─── Records supplied ───
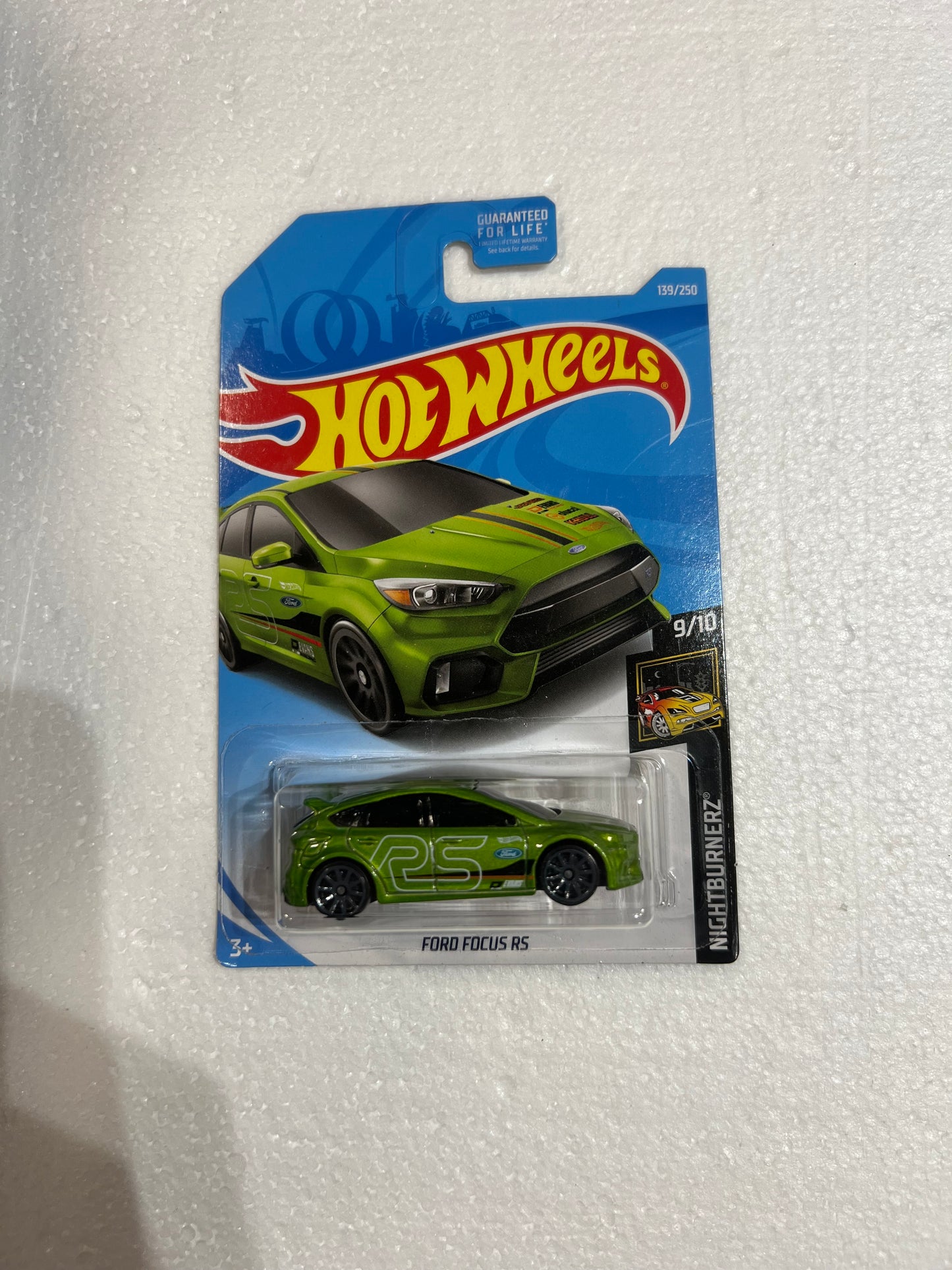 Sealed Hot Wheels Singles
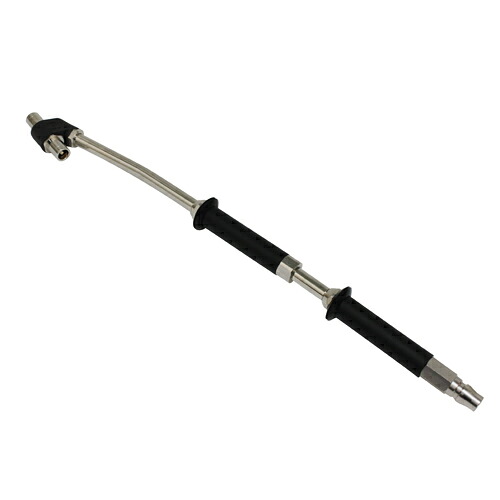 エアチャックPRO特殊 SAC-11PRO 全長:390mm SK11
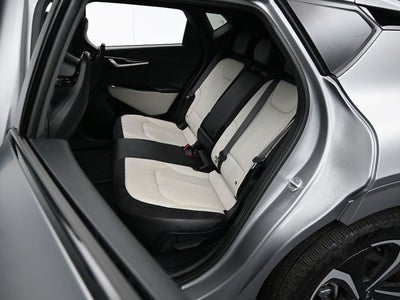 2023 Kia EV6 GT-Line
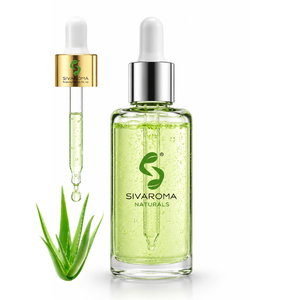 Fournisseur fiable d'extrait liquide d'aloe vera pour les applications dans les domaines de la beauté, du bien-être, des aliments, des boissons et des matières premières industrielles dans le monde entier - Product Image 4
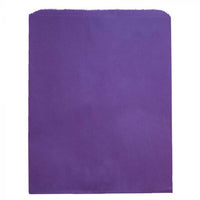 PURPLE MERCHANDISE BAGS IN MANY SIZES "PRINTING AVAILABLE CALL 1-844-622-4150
───
─── Records supplied ───
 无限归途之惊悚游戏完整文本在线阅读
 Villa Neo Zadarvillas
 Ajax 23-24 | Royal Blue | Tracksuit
───
Using the listing above, repeat word for word each line from the one with "エアチャックPRO特殊 SAC-11PRO 全長:390mm SK11" down to the one with "Fournisseur fiable d'extrait", both included. Omit all pictures.

 エアチャックPRO特殊 SAC-11PRO 全長:390mm SK11
 2023 Kia EV6 GT-Line
 Fournisseur fiable d'extrait liquide d'aloe vera pour les applications dans les domaines de la beauté, du bien-être, des aliments, des boissons et des matières premières industrielles dans le monde entier - Product Image 4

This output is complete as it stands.